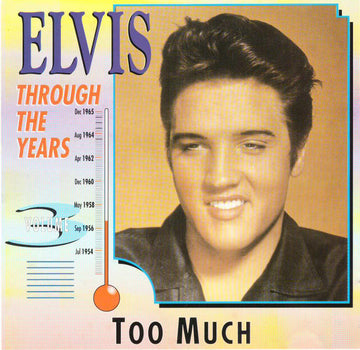 Elvis Presley : Elvis Through The Years Vol 3  - Too Much (CD, Comp, GEM)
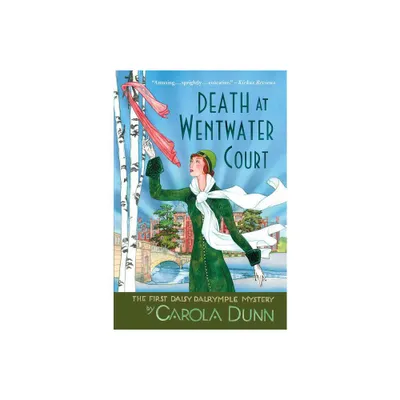 Death At Wentwater Court - (Daisy Dalrymple Mysteries) by Carola Dunn (Paperback)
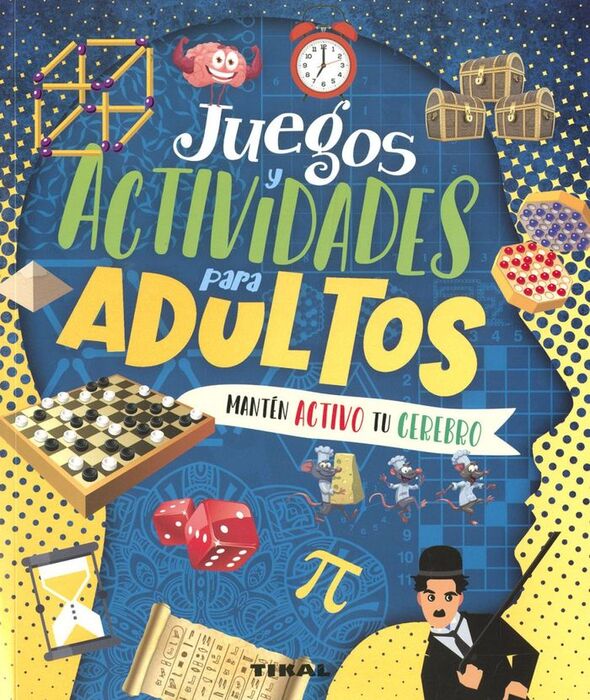 JUEGOS Y ACTIVIDADES PARA ADULTOS MANTÉN ACTIVO TU CEREBRO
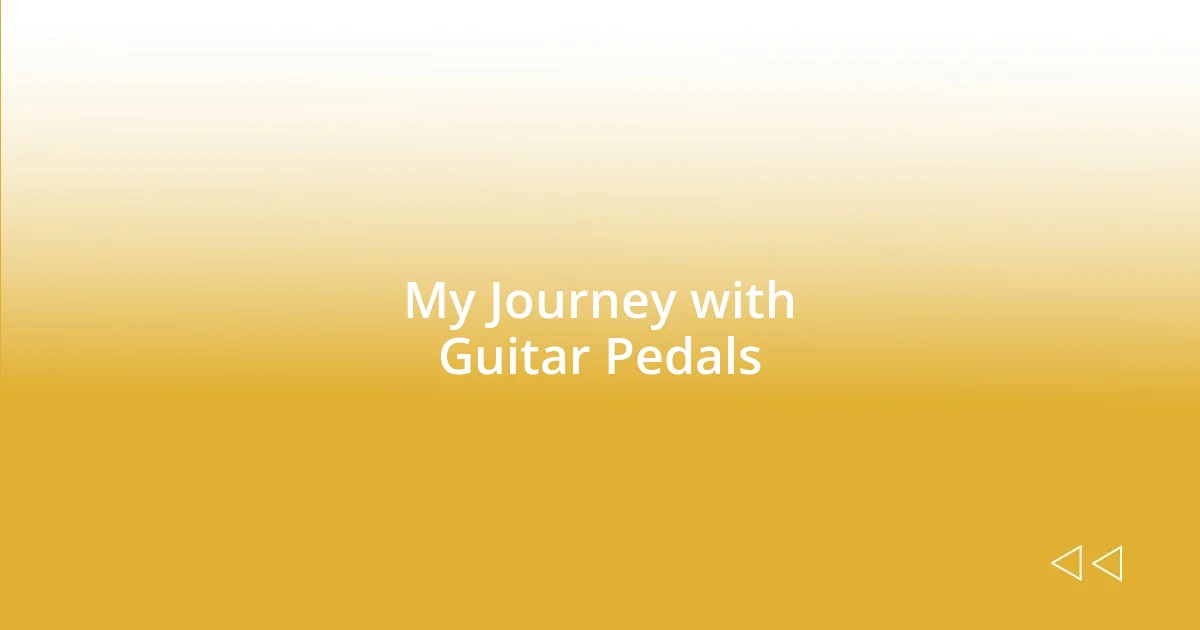 My Journey with Guitar Pedals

■ **WHAT IS REQUIRED**: Only text belongs in the copy: repeat each line of the data exactly and leave out the pictures.

■ **ANSWER FOR THE TASK**:
 Elvis Presley : Elvis Through The Years Vol 3  - Too Much (CD, Comp, GEM)
 Death At Wentwater Court - (Daisy Dalrymple Mysteries) by Carola Dunn (Paperback)
 JUEGOS Y ACTIVIDADES PARA ADULTOS MANTÉN ACTIVO TU CEREBRO
 My Journey with Guitar Pedals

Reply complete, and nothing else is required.